The real problem with Cyber Security is that most of the enterprise networks have myriads of computers which have access to both, the intranet (militarised zones) and the internet (demilitarised zones). The various modes of attacks described in the article can be made on any one of these to affect the entire network and other nodes connected to it. Hence, the scope of work of Security Operations Centre (SOC) teams in organisations is to keep a watch on all these myriad computers connected to the network, which is a humungous task, to say the least.

With over 26 years of research and development (R&D) on secure connectivity, we have now developed a connectivity solution which can alleviate most of these problems.

What is it that we need to protect? The answer is the internal network (militarised zone) and all that it contains in the internal databases and the internal wide area network (WAN) computing.

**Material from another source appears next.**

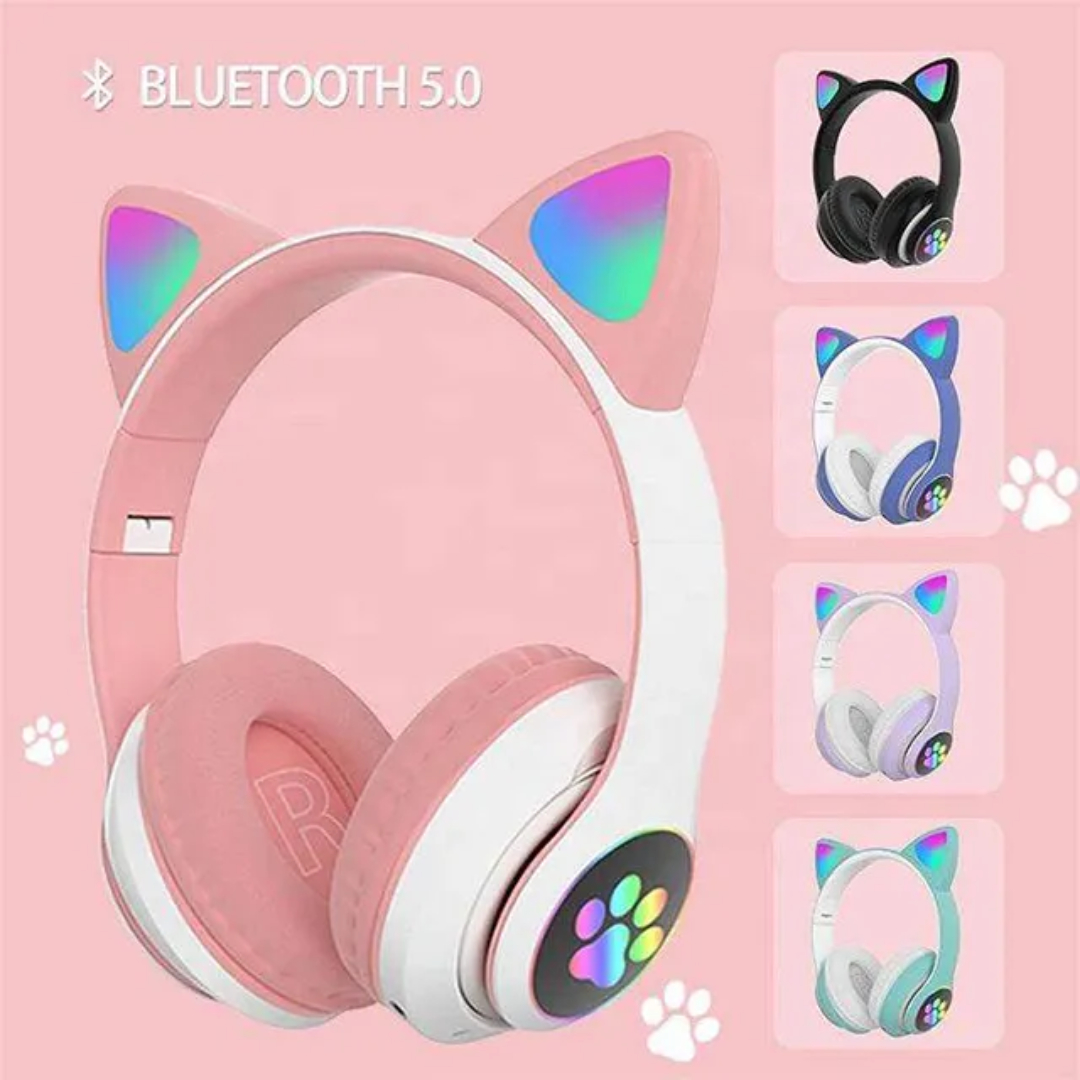 Audifonos Diadema STN-28 Oreja de Gato Bluetooth Inalambricos, Auriculares Gato diseño divertido con Luces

Thus, in our disruptive connectivity solution — PVDTN-STS-IBN (PSI) – we have physically isolated the internal network (militarised zone) from the external networks (demilitarised zone which have access to the internet and Public Data Networks) at the LAN / MAN / WAN levels in all organisation locations and automated the transfer of publishable information/data and mail, back and forth, between the internal and external networks at a single central point (usually the data centre) of the network through a Secure Transfer System (STS). The STS system comprises of a company Communication Server (CS) connected to the intranet LAN at the central location, through which all data/mail required to be sent to the external network is routed, a Company public or Web server (PS) connected to the Internet LAN at this central location, and an intermediate or relay server (IS) connected to a secure switch (a 3 position, electromechanical, microcontroller driven, RJ45 switch) operated by an automatic switching software loaded on the IS.

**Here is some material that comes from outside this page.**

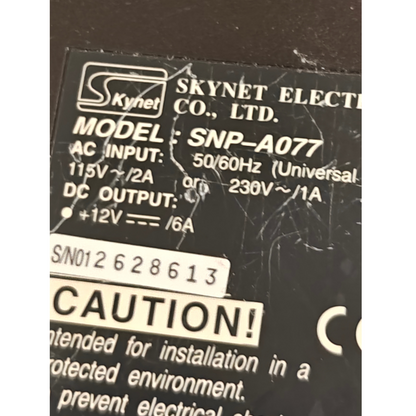 Skynet SNP-A077 AC Adapter Power Supply 12V 6A 5-Pin DIN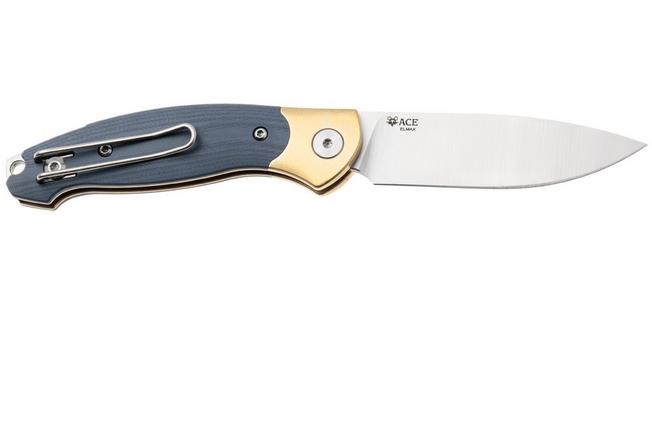 Afbeelding voor GiantMouse ACE Farley V2 BRASS-DUSTY-BLUE-G10 Satin Elmax, Brass Bolster, Dusty Blue G10, zakmes, Ansø en Voxnaes design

At all other locations in the network, the internal and external networks are kept completely isolated. The intranet LAN at all peripheral locations are connected to the central intranet LAN through an integrated point-to-point (p2p) leased line based MAN / WAN connectivity, to form a homogenous LAN / MAN / WAN internal network. The Internet LANs at all locations get their Internet feed from the local ISP. All computer nodes of the intranet send and receive their mail via the RMSs (regional mail servers), CMS (company mail server) all connected to the intranet. The external mail in and out, the route from the CMS via the STS system to the IMG (internet mail gateway) residing in the Web server (PS) which is connected to the Internet LAN, and vice-versa. Thus the computer nodes of the internal network do not need to connect to the Internet for sending and receiving external mail. The STS system ensures that the security of the internal network is not impaired.

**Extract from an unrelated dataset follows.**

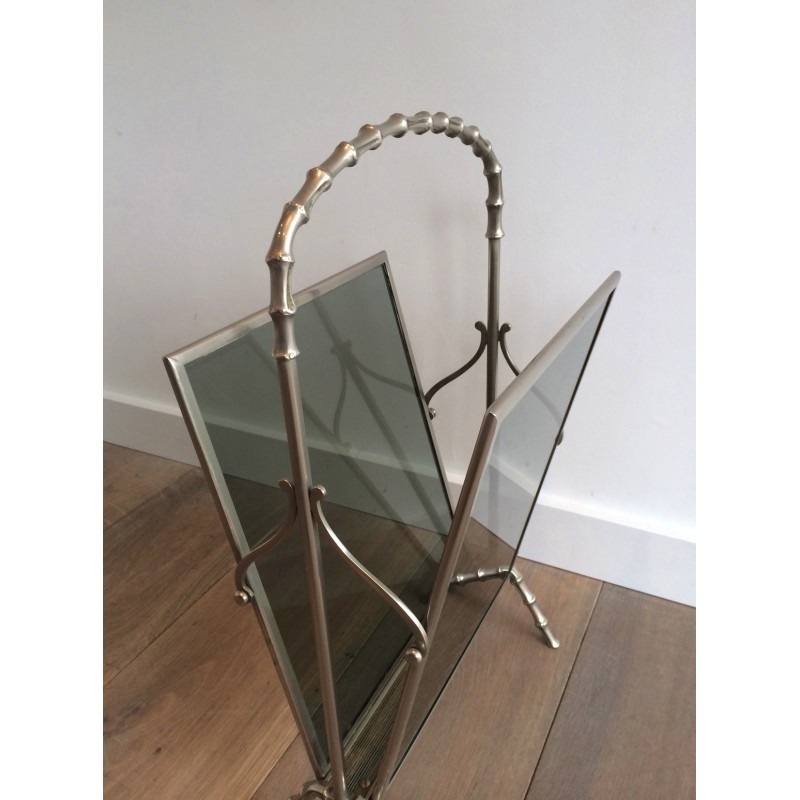 Vintage magazine rack in silvered bronze and bluish glass by Maison Baguès, France 1940s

However, there will be people in the company who need to browse the Internet for their work or get into collaboration with business partners, vendors, consultants, etc. They need direct Internet access. Such people are provided with an IBN (Internet browsing node) which comprises of a switchable thin client which works with VMs on each LAN, with no connection with each other. This switchable thin client is connected to a secure switch, same as the one for the STS system, but operated by an on-demand switching software added to the thin client’s operating system (OS). 

In the demilitarised zone, the internet LAN, we have the web server which has the following types of information: company Information which is on read-only pages, the web Information which are the interactive pages, the email gateway, and the storage info.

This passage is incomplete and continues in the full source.